Tuesday, September 11, 2012

Samsara

This is what theatrical exhibition has come to: Samsara is a movie shot on 65mm film that exists almost solely for the purpose of looking gorgeous, and Landmark's website proudly announces that this is a "35mm Presentation!" and that it is only being distributed in 35mm and 4K (the film's website mentions that it will open in Boston Common in the latter format on the 14th). I get that this is the world of film exhibition we live in, and that we should probably be happy that Oscilloscope Laboratories has done so well getting it into as many theaters as it has, evidently exercising some stringent quality control over which places play it as well.

Still, given that interest in large-format film is as high as it has been in years - Mission: Impossible 4, The Dark Knight Rises, and Star Trek Into Darkness all include segments shot in native IMAX, and Paul Thomas Anderson's The Master is getting a lot of notice for being shot in 65mm and exhibiting in 70mm in some theaters - I hope that at least a few 70mm prints have been made to show up in venues that can display them every once in a while.

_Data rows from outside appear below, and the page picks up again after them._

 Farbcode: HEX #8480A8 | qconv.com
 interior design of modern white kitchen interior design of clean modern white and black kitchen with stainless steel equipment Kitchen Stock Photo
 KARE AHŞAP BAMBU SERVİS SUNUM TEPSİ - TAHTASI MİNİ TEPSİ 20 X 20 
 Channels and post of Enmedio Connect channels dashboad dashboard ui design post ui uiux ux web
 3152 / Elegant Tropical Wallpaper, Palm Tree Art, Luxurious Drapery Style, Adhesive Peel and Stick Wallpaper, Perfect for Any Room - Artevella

It's at least encouraging to see that the digital intermediate and mastering is being done at 8K, even though the filmmakers certainly could have gotten away with 4K; it shows an interest in being ready for higher-resolution formats later when many other movies from this period are going to be stuck at HDTV resolution.

Anyway, this looks great on film, so good that even the titles didn't look all jaggy from the front of the theater. I'm sure digital presentations will look quite nice, and I look forward to Oscilloscope sending me this as part of their "Circle of Trust" program, but 35mm is the way to go, at least for now.

Samsara

* * * ¾ (out of four)
Seen 10 September 2012 in Landmark Kendall Square #1 (first-run, 35mm)

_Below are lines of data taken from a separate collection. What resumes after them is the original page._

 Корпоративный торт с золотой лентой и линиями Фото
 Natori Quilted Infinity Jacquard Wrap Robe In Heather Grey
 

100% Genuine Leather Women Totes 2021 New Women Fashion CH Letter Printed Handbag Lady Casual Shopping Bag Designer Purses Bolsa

Especially early on, Samsara certainly looks like a movie that instills the same reaction as its trailer - "ooooohhh, pretty!" - only for longer. And, yes, it's certainly the kind of pretty that justifies the cost of a theater ticket. Filmmakers Ron Fricke and Mark Magidson do have somewhat more complex ambitions than that, crafting a picture that they likely hope will serve as both a window on the world and a mirror.

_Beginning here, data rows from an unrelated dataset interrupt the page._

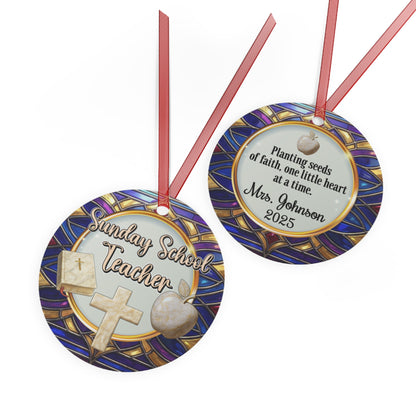 Sunday School Teacher Faux Stained-Glass Ornament | Personalized Keepsake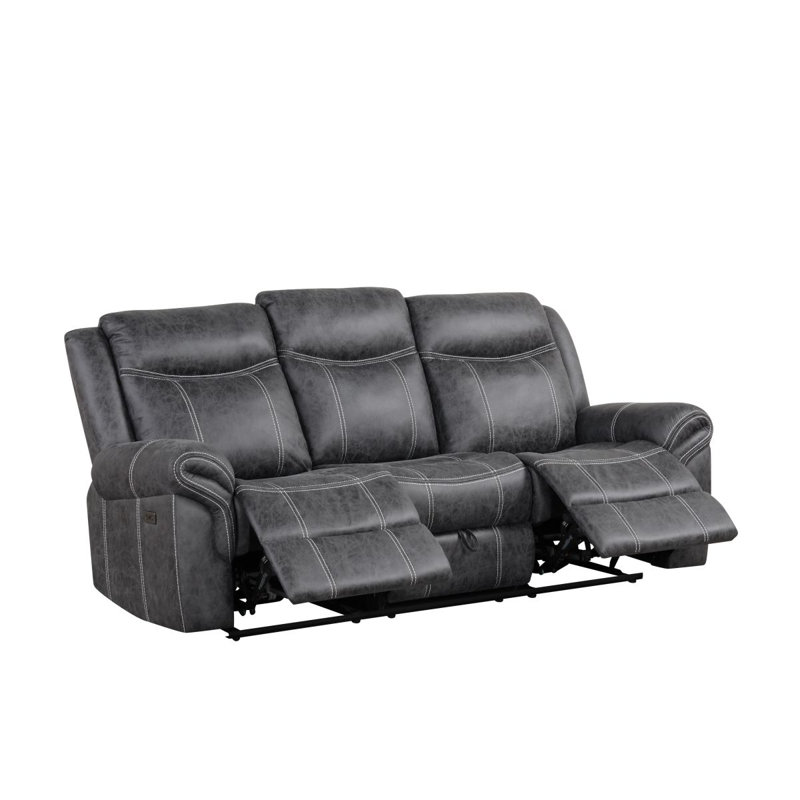Canapé en microfibre gris foncé Power Motion avec table rabattable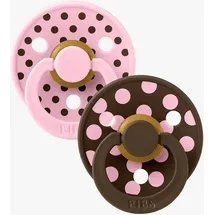Bibs Studio Colour Polka Schnuller 2er-Pack, Latex Größe 2, Baby Pink/Mocha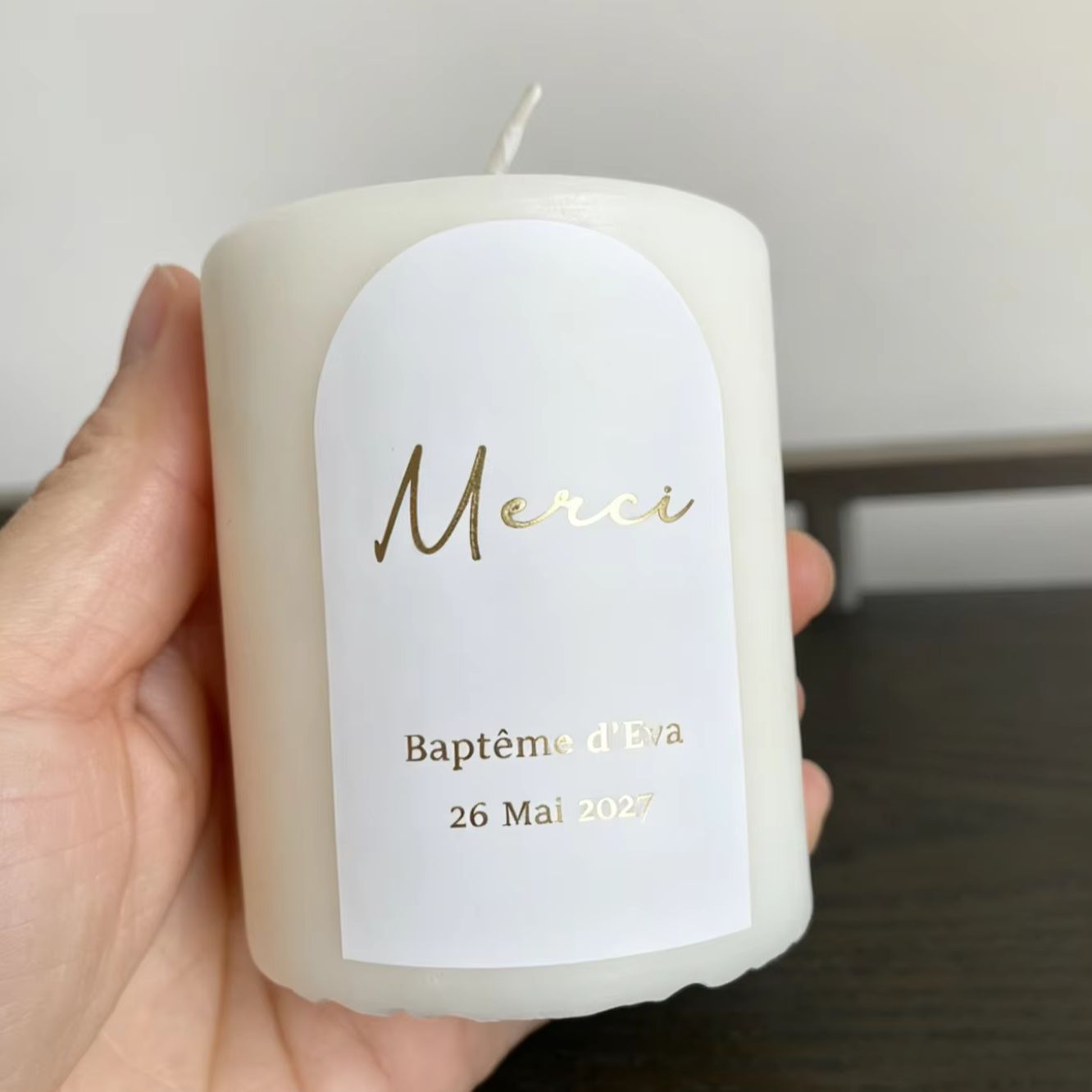 Custom Baptism Candle Merci Th - Personalised Candle Label บทวิจารณ์และราคา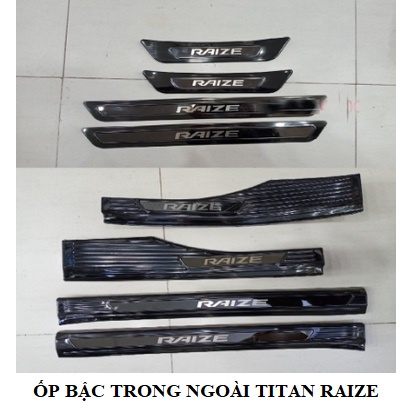 Ốp Bậc Cửa, Nẹp Bước Chân Toyota Raize 2021 - 2022, Vân TITAN Cao Cấp Tặng kèm keo dán hai mặt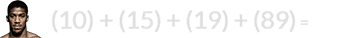 (10) + (15) + (19) + (89) = 133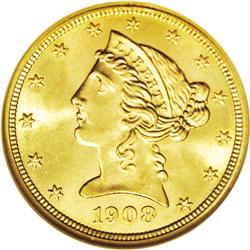 	1908 $5 MS65 NGC. A splendid honey-gold Gem that exhib 1908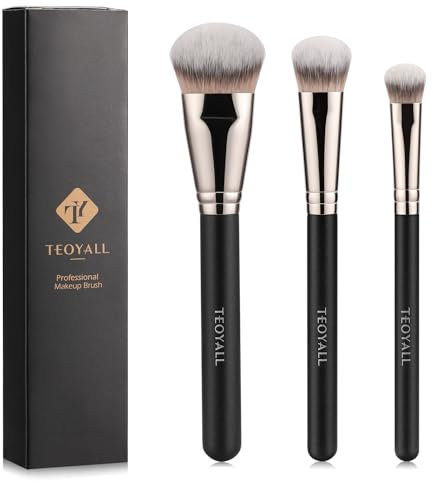 TEOYALL Flacher Abgewinkelter Pinsel - Makelloser Foundation-Pinsel Unter den Augen, Concealer, Bronzer für Flüssiges Cremepulver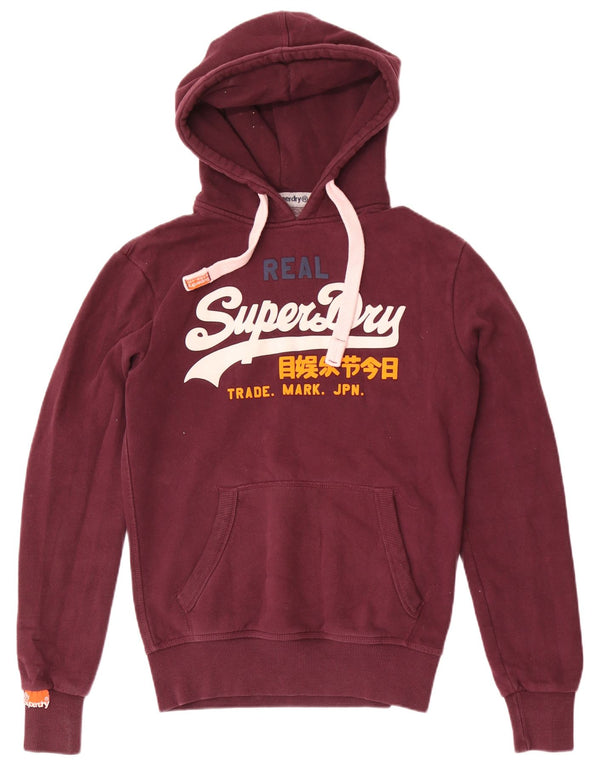 Pulover Superdry pentru bărbați cu grafică, bumbac, retro, mic, burgundă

But, first, the technical: Samsara was shot over the course of years in Super 70 Panavision. The digital mastering was done at 8K resolution (roughly 8,000 pixels wide; for comparison HDTV is roughly 2K and most digital projection uses either 2K or 4K). So, exceptionally detailed formats are used at every stage of production, meaning that when you see it on 35mm film or 4K projection (much less the eventual home video release), you are seeing a mere fraction of the detail originally captured. It is a shame that there don't appear to be 70mm screenings at this time.

Fricke takes his large-format film camera around the world, shooting nature, cities, small towns, villages, industry, performance, and anything else. It is truly astounding to behold, and not just because Fricke is hauling a big camera to beautiful places. There is that, of course - a number of early shots will have audiences marveling that images like these often come from CGI in fictional films, because they are so grand and striking - but he's got a way of holding shots or doing gentle camera movements that encourage the eye to move and seek out details.

Full review at EFC.

1 comment:

Anonymous said...

I saw it in 4K. It's excellent Digital VIDEO if you go for that sort of thing. I would have much preferred a 70MM film negative reduction to 35mm prints.
It's a #$#$ing shame that the distributors are so spooked by the move to digital that they failed to strike even ONE 70MM film print - NOT ONE!